Work item: All lines from the one containing "Православный клуб" through the end of the material are to be given back exactly, without pictures.

Record set:
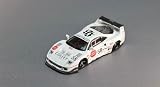 1/64 ghost player フェラーリ LBWK F40 白 #58 [並行輸入品]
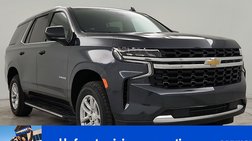 2022 Chevrolet Tahoe LS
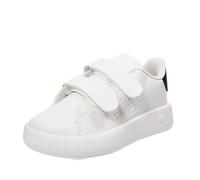 Scarpe adidas Advantage bianco puro nero neonati - 27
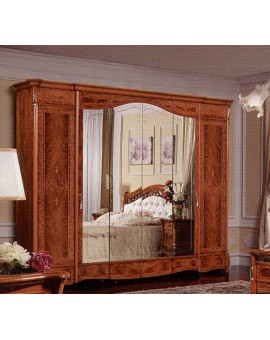 CASA+39 Спальня PRESTIGE ШКАФ 6-дверный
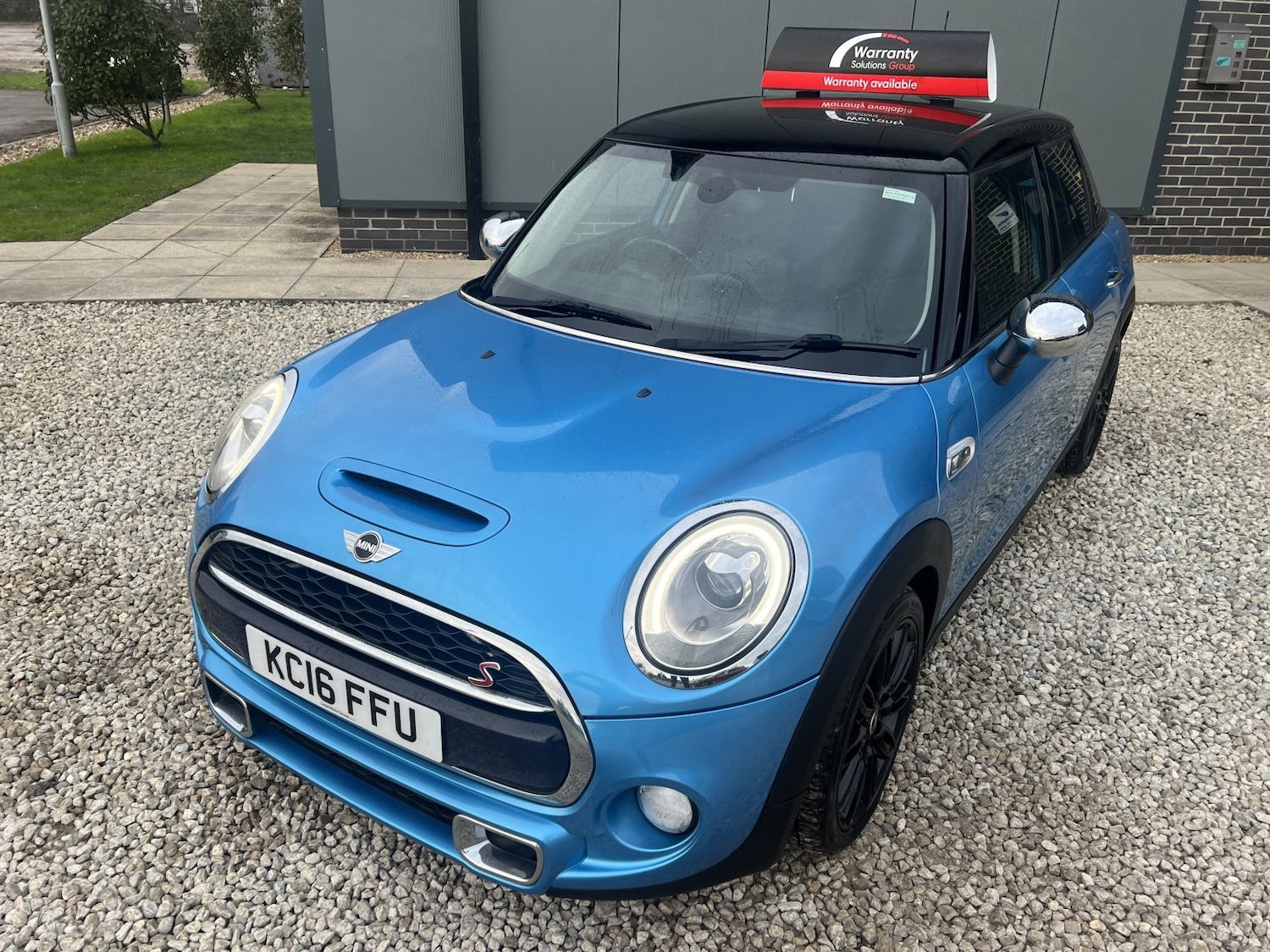Used MINI Hatch 2016 for sale - 77056619: Photo 8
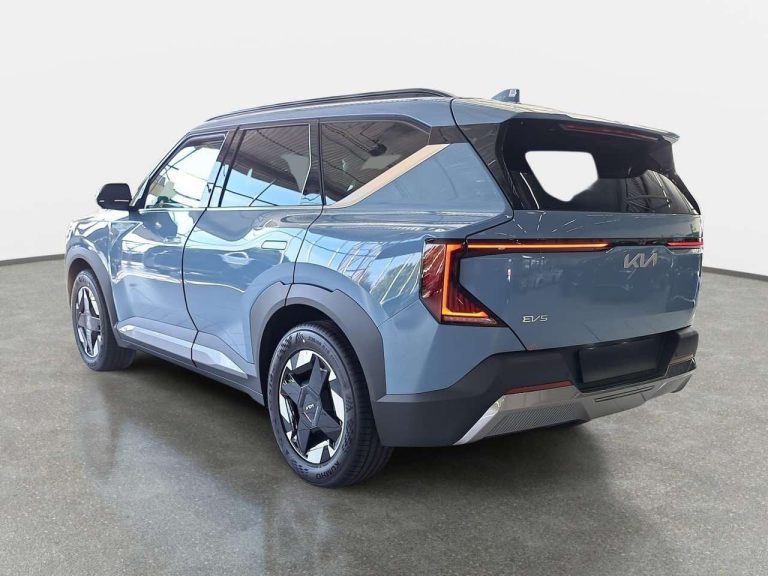 Kia EV5 81,4 kWh Air - photo 4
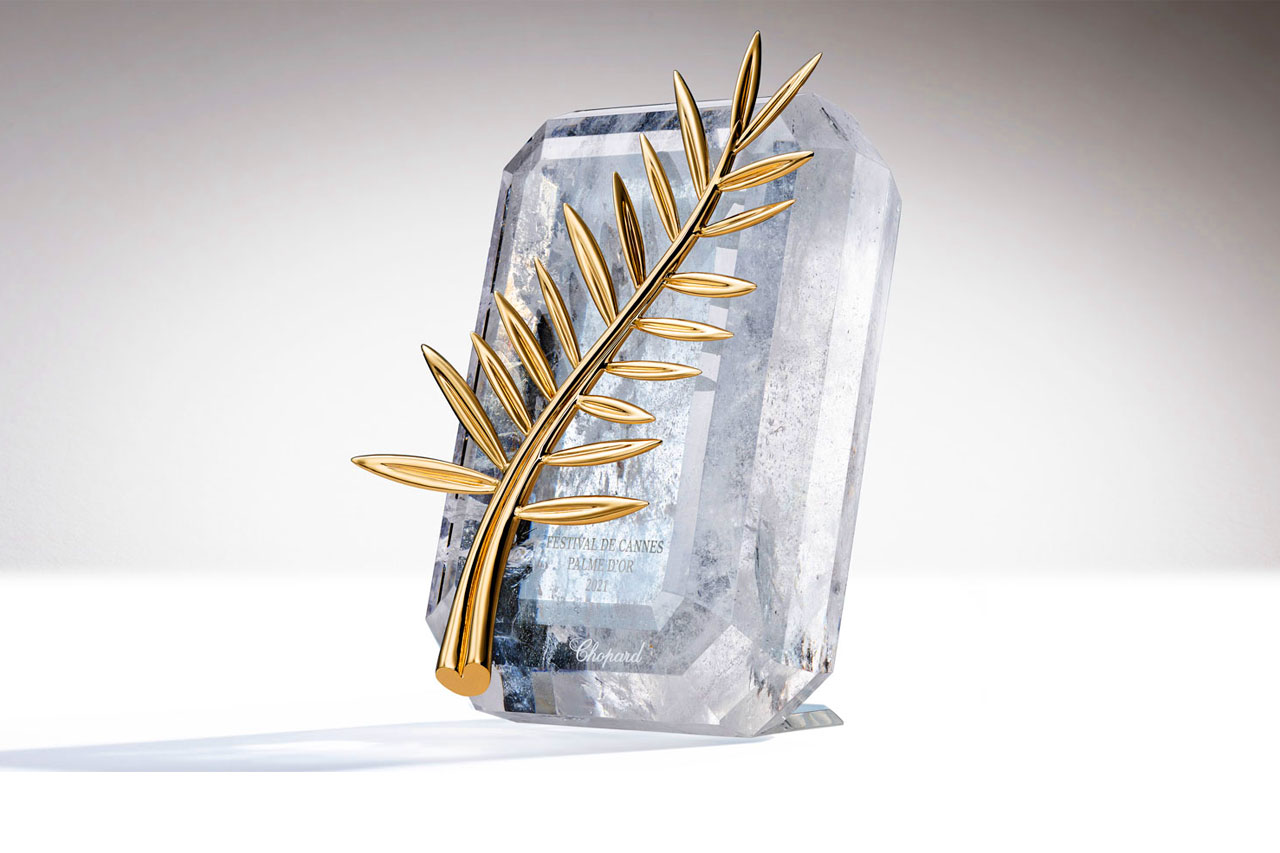 نخل طلای کن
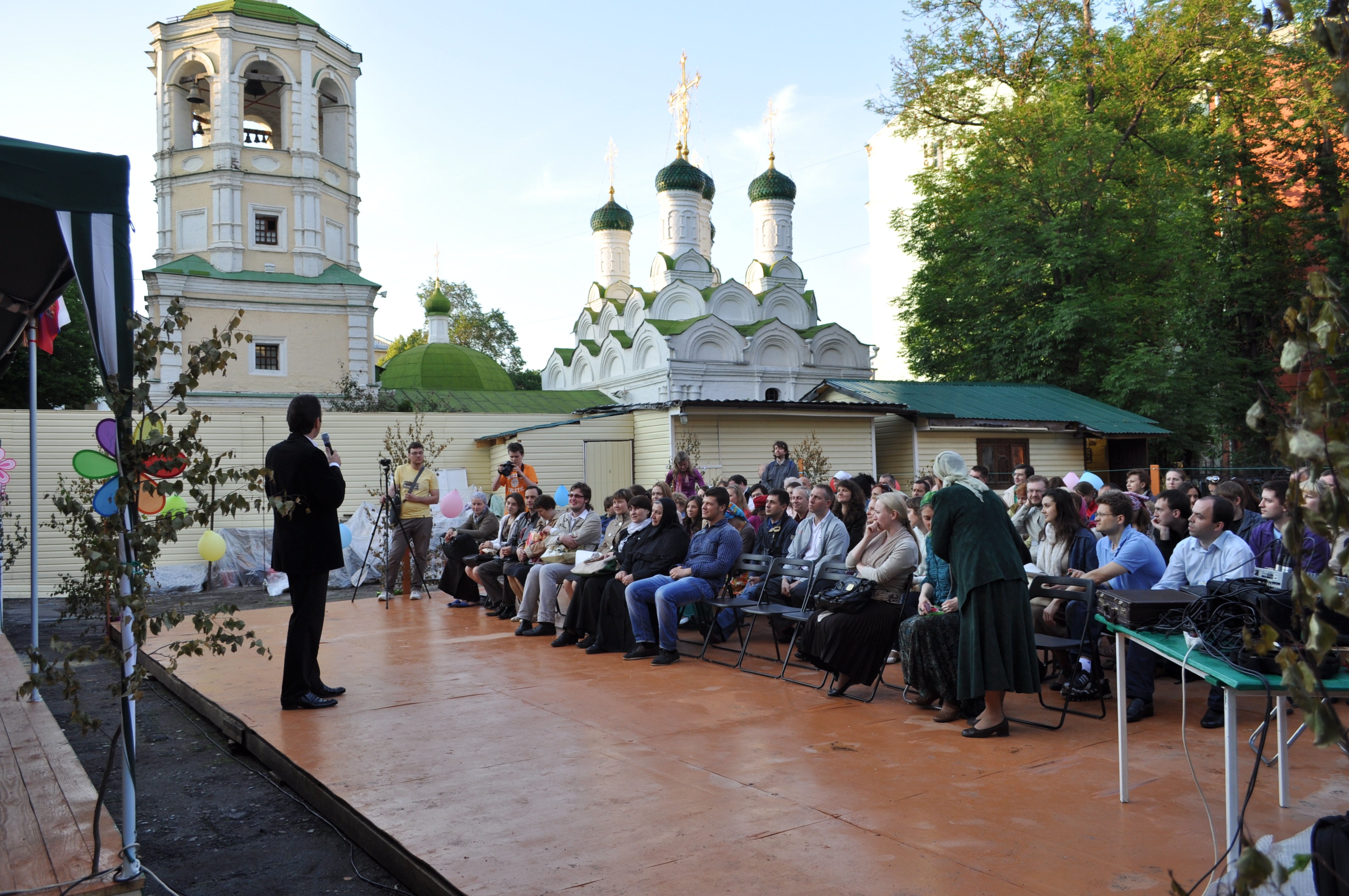 Православный клуб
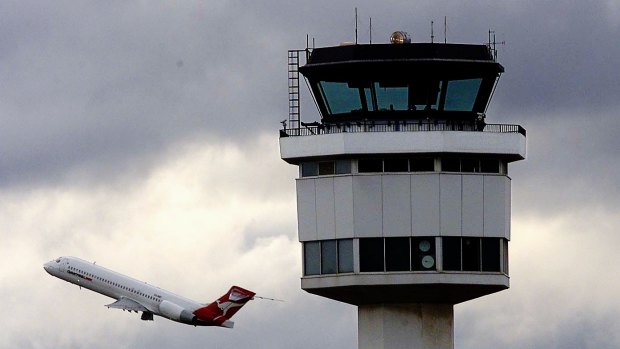 Melbourne Airport resumed normal operations on Friday morning.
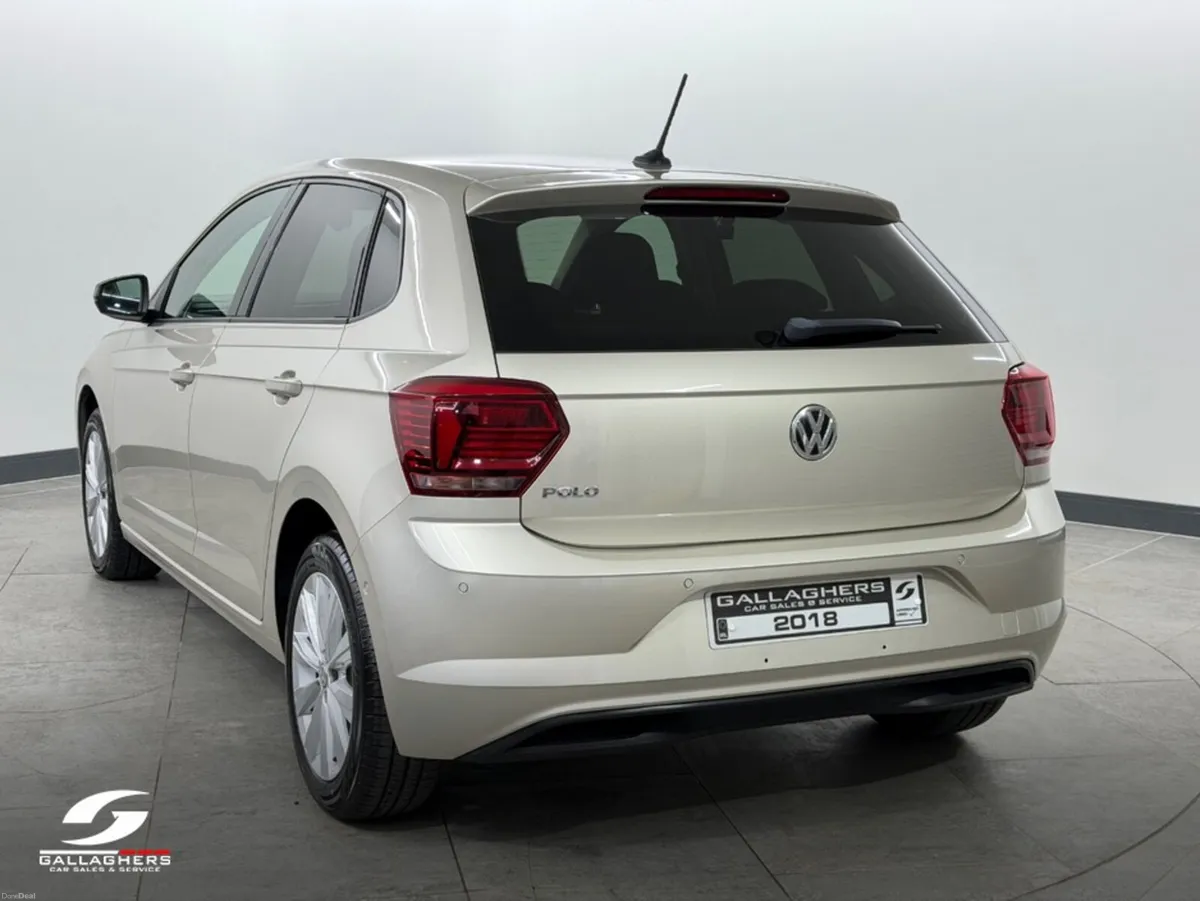 Volkswagen Polo HIGHLINE 1.0 DSG AUTOMATIC ONLY 69 - Image 6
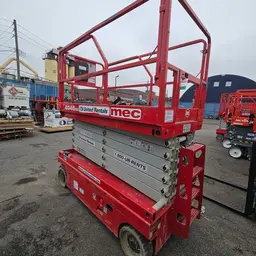 2018 MEC 4046SE Scissor Lift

Written answer:
 Православный клуб
 Melbourne Airport resumed normal operations on Friday morning.
 Volkswagen Polo HIGHLINE 1.0 DSG AUTOMATIC ONLY 69 - Image 6
 2018 MEC 4046SE Scissor Lift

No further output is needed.